Glad you're sorted! Just BTW, regarding updating to W7 - I believe that there may be no 64-bit support for that card (I seem to remember someone saying that he was told so by RME), so if you ever do decide to upgrade you may want to check that out first.


----------



## immortalgropher (Feb 16, 2010)

lol, I installed W7 on a like 2005 sony vaio (total ) and the speed at which it ran was actually shocking.


----------



## ejbragg (Dec 13, 2009)

spacedout said:


> Glad you're sorted! Just BTW, regarding updating to W7 - I believe that there may be no 64-bit support for that card (I seem to remember someone saying that he was told so by RME), so if you ever do decide to upgrade you may want to check that out first.


WOW. That's a handy bit of info!
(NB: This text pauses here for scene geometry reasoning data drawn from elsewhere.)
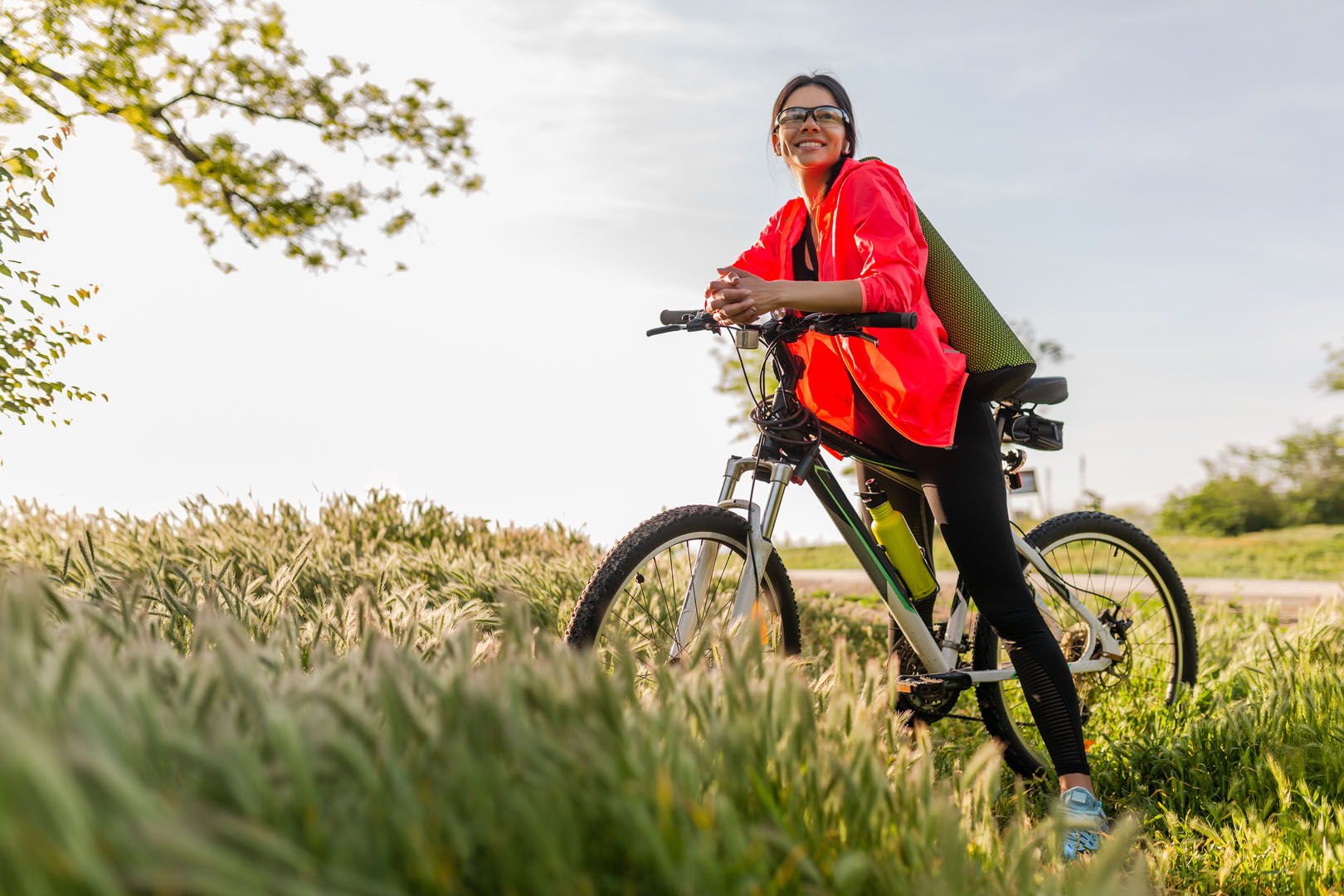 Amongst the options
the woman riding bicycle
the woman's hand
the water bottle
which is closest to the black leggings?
the woman riding bicycle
I HAD actually considered some upgrades. I have a dual pentium 3.8GHz, water-cooled, overclocked network station that is 64 bit capable, and I've been considering how to configure it. Presently, I've heard it said that most DAW software doesn't yet take advantage of the 64 bit capability, and that it doesn't necessarily buy any speed, latency, or headroom in this particular application type. I also have a UAD-1 card.... haven't looked into it, but I'm betting it would be the same.

I'll probably stick with the 32 bit configuration for now. I think it will suffice for a long time.

AstralPlane, in which application(s) did you see the improvement? Was it on your DAW?


----------



## spacedout (Dec 17, 2007)

As far as I can tell (and based on what I've heard), the main advantage of a 64-bit DAW is the ability to adress large amounts of RAM (i.e. more than 4GB), which is great when loaded huge amounts of sampled VSTi's. On the other hand, your plugins all need to be available in 64-bit versions as well, or else make use of some kind of bridge (with varying degrees of success). Your hardware also *all* has to have 64-bit drivers - no bridging available 

Cubase (which I use) has been available in 64-bit for a while now, but their bridge is apparently flaky... there's a program called JBridge which a number of people seem to be using with some success. VSL have recently released Vienna Ensemble Pro, which (as far as I understand) provides hosting of 32 or 64 bit plugins/instruments within a DAW - and said plugins can be either on the host machine or another one on a network. Costs around ten times as much as JBridge though...

HTH


----------



## immortalgropher (Feb 16, 2010)

ejbragg said:


> AstralPlane, in which application(s) did you see the improvement? Was it on your DAW?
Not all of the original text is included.